Raw data —
-=-=-

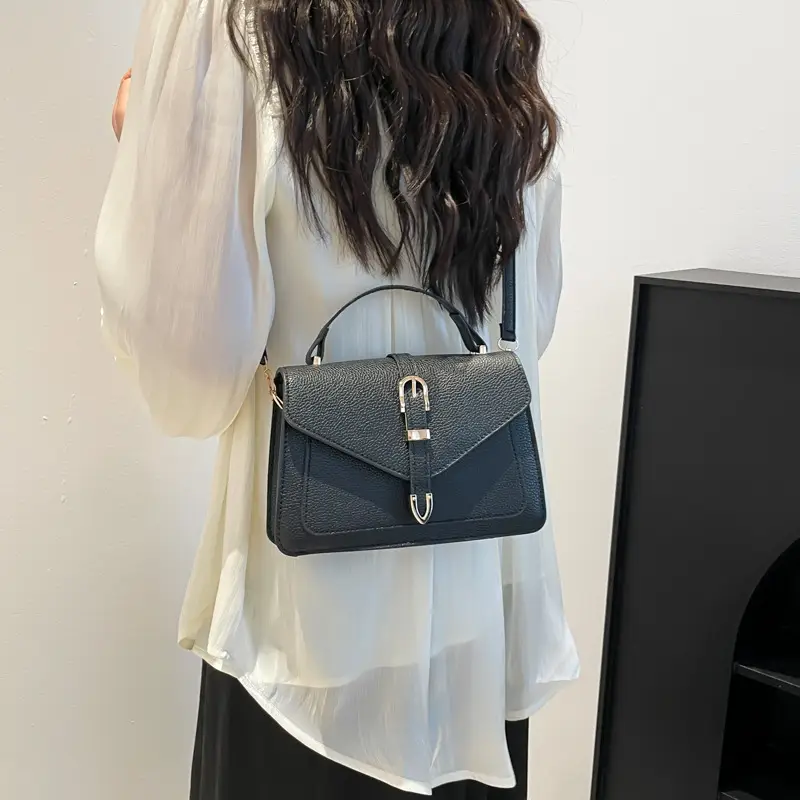 Red Leather One-Shoulder Crossbody Bag for Women - Image 7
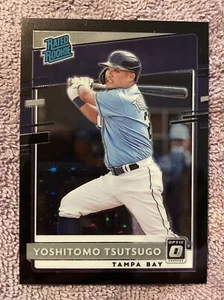 2020 Donruss Optic Black Stars Rookie Yoshitomo Tsutsugo SP # 33/125 Tampa Japan - Picture 1 of 2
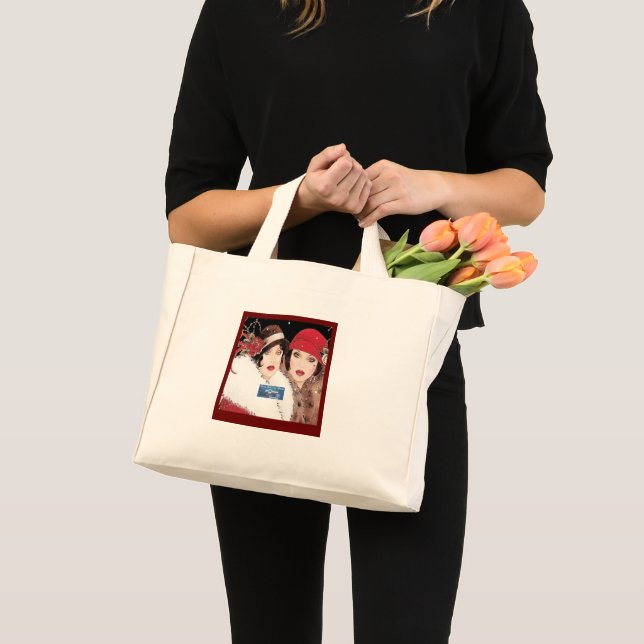 Bolsa Tote 12 Burg(Winter Red 2) RFPMDesigns 2024 (Anverso (producto))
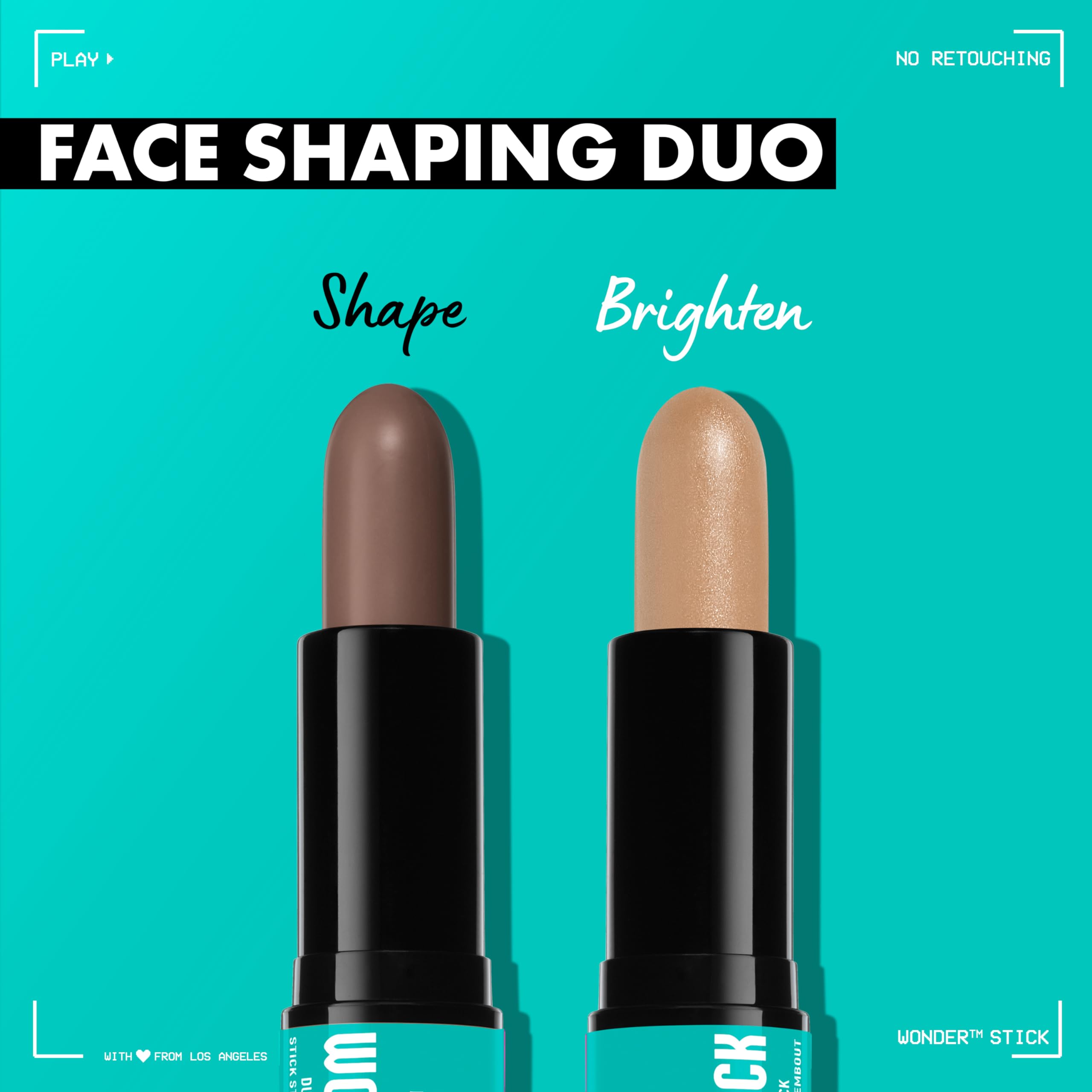 NYX Wonder Stick para aplicación precisa de contorno y resaltado de rasgos.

-=-=-

Work instructions — Everything in the material above must be repeated exactly, apart from its pictures.

Exercise response —
 Red Leather One-Shoulder Crossbody Bag for Women - Image 7
 2020 Donruss Optic Black Stars Rookie Yoshitomo Tsutsugo SP # 33/125 Tampa Japan - Picture 1 of 2
 Bolsa Tote 12 Burg(Winter Red 2) RFPMDesigns 2024 (Anverso (producto))
 NYX Wonder Stick para aplicación precisa de contorno y resaltado de rasgos.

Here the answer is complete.